在德国法上,对同性伴侣关系而言,他人的子女只能由伴侣一方单独收养。例如,同性伴侣共同收养一个不可能再返回到自己出身的家庭的寄养子女的可能性是被排除的。就这点而言,就像不允许同性伴侣一方对由伴侣另一方单独收养的孩子进行追加收养一样。但如果我们把目光投向其他的西方国家,就可以看到,在这一点上,过去两个世纪里已经发生了明显的转变。从最初一般的对其他同性和同性伴侣的收养概括拒绝的立场已经逐渐松动为,首先是允许同性伴侣收养继子女,在近年又进一步允许同性伴侣共同收养[84]。在普通法国家,大多数情况下,收养并不取决于身份法上的关系,长时间以来同性伙伴就已经能够实施收养行为。在美国,一般情况下,同性伙伴能够收养对方的亲生的子女,部分情况下也能收养伴侣以前单独收养的子女,并且现在在许多州同性伴侣也能共同收养他人的子女[85]。在加拿大[86]澳大利亚[87]的部分地区,以及英格兰[88]和南非[89]允许同性伴侣共同收养孩子。在夫妻有权进行传统的共同收养的一些欧洲大陆国家,他们在对同性伴侣开放婚姻的同时也将传统的共同收养对同性伴侣开放,如西班牙[90]、比利时[91]和荷兰[92]。。
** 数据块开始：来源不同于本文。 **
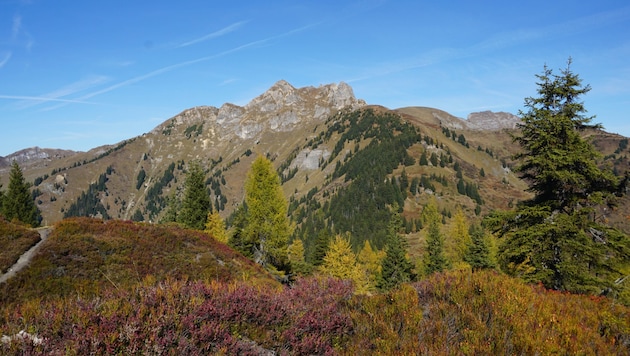 Herbstlicher Blick auf den markanten Felsgipfel des Schuhflickers.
在那些和德国一样已经导入登记的伴侣关系并同时在登记的伴侣关系调整上导入了与婚姻相对应的法律制度的国家中,起初是根本就没有收养法,然后是承认继子收养,最后是部分国家开始允许共同收养,如在瑞典[93],冰岛[94],从2009年起挪威也开始允许共同收养[95]。


在德国法中,也应当使同性伴侣共同收养子女成为可能。寄养父母或者收养申请人的性取向在进行单独收养时并不绝对地被视为寄养子女关系建立或者收养关系建立的阻却理由[96]。但如果依据一个长期的寄养子女关系,或者在一方伴侣单独收养子女之后,与伴侣另一方形成了事实上的父母-子女-关系,那么,这样的关系在法律上得到保障将是有益于子女利益的保护的。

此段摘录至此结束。